The article is clear with professional English used throughout. There is a minor typo on line 91. The article is professionally structured.
The methods section is much improved in this version.
Please check the definition of open innovation (line 55-56). Chesborough's definition is that companies use external sources, but it does not include any reference to transparency or making them publicly available. I believe that you are using an alternative defintiion here.
On lines 92-97, it would be good to state that other incentives exist for contributions. For example, Innocentive gives monetary compensation.

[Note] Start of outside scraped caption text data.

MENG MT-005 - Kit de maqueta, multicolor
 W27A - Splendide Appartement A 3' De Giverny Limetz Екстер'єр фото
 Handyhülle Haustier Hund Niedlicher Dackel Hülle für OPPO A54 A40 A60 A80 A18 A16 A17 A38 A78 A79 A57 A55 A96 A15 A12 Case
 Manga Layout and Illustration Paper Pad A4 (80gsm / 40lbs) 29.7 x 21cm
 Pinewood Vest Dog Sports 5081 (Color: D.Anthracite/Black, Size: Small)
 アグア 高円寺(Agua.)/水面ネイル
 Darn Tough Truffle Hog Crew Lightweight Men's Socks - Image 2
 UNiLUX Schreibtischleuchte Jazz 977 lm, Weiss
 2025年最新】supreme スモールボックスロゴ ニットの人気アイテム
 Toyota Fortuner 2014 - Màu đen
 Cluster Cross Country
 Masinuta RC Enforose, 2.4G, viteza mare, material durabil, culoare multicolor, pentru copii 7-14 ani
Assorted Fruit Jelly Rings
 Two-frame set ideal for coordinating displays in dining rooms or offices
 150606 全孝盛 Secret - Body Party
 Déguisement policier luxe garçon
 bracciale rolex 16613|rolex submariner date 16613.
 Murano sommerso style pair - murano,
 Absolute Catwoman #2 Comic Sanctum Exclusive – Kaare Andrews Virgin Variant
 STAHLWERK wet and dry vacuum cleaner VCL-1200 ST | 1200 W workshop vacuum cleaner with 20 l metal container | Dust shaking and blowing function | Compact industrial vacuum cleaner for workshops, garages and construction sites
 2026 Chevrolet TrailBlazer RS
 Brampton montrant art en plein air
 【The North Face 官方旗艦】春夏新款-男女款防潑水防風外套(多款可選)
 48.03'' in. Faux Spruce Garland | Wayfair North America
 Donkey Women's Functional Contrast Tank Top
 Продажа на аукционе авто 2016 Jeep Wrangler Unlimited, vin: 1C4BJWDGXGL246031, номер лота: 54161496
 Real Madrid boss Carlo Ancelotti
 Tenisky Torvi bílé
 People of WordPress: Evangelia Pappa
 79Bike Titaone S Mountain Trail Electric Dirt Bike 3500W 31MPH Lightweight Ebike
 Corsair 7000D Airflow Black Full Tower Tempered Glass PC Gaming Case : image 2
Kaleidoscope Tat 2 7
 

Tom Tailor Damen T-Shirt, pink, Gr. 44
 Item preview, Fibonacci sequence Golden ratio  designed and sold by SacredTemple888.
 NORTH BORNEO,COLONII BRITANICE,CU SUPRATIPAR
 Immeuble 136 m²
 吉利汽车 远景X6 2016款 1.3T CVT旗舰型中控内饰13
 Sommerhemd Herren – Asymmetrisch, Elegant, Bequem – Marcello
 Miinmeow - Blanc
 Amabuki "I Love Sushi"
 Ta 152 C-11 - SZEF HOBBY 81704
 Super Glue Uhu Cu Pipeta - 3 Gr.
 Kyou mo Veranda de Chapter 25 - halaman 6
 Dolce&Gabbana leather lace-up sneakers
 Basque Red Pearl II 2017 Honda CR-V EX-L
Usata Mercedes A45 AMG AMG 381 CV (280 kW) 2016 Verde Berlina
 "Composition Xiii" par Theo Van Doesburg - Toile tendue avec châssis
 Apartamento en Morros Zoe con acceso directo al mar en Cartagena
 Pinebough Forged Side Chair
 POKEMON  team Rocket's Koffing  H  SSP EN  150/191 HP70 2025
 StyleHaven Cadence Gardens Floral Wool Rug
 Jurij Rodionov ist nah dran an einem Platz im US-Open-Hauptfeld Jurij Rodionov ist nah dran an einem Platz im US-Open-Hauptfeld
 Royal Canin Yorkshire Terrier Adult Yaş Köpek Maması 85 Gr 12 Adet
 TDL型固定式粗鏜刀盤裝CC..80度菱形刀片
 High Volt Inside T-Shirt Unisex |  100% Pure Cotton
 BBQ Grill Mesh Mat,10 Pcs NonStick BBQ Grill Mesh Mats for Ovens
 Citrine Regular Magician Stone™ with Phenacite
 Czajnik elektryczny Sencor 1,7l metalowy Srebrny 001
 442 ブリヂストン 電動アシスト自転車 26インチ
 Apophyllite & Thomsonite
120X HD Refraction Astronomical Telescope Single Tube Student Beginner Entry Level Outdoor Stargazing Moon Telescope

OSDD (lines 187-189) is no longer operational. https://www.bbc.com/news/business-42188808
Lines (294-6) state that "Crowdsourcing approaches have been used to develop antibiotics, lupus drugs, and anti-malarials." I believe that it should state that "Crowdsourcing approaches have been used to assist in the discovery and development of...".
Lines (300-302) state that "Crowdsourcing could accelerate several stages of drug development, including screening, pre-clinical trials, and human clinical trials." Although the additional information added later about human clinical trials is about study names and logos. These aspects do not greatly delay clinical trials. I would suggest that human clinical trials are removed here since there are many serious problems with the idea of crowdsourcing these trials, for example, maintaining a credible randomized controlled trial to eliminate bias.
Thank you for your attention to the reviewers' comments. This revised article is significantly strengthened.
Making the required revisions for one reviewer will greatly satisfy the other reviewer, especially where they overlap on expected scope, breadth, and requisite definition. With that said, and since another reviewer rejected the manuscript early on, given the timeframe and an apology for the holiday interference, I am going forward with the decision of major revisions with expectation that this manuscript will greatly improve from all requested attention to detail and specifics.
The paper is written in clear, professional style. The references are plentiful and relevant, and the topic is current, as interest in crowdsourced approaches to biomedical research is surging.
However, some of the statements made are taken as facts and not adequately challenged. For instance, in lines 140-141, the authors claim that "Empirical evidence from humans suggests that there is a convergent collective intelligence factor that explains a group’s performance on several tasks." Though the authors claim rests on a publication, it is debatable. Convergence is typically the result of an interaction between the participants. If there is no interaction -- and crowdsourcing does not require it -- convergence need not happen.
The authors also claim that a feature of crowdsourced models is to share the solution with the public (lines 156-157). This applies to some crowdsourced models, but is by no means a requirement. For instance, Innocentive, which is a platform that taps the crowd to solve difficult scientific challenges, does not share its solutions. Likewise, some public-private partnerships, such as the Medicines for Malaria Venture, use a crowdsourcing approach (open calls on the internet) to identify novel ways to possibly tackle malaria. Ideas are submitted independently, and are evaluated by a review board to determine which will be pursued, but they are not shared with the public. In fact, the output of the crowdsourcing process in this particular case is not even a solution, but an input into the research process. Yet, that does not make it less valuable.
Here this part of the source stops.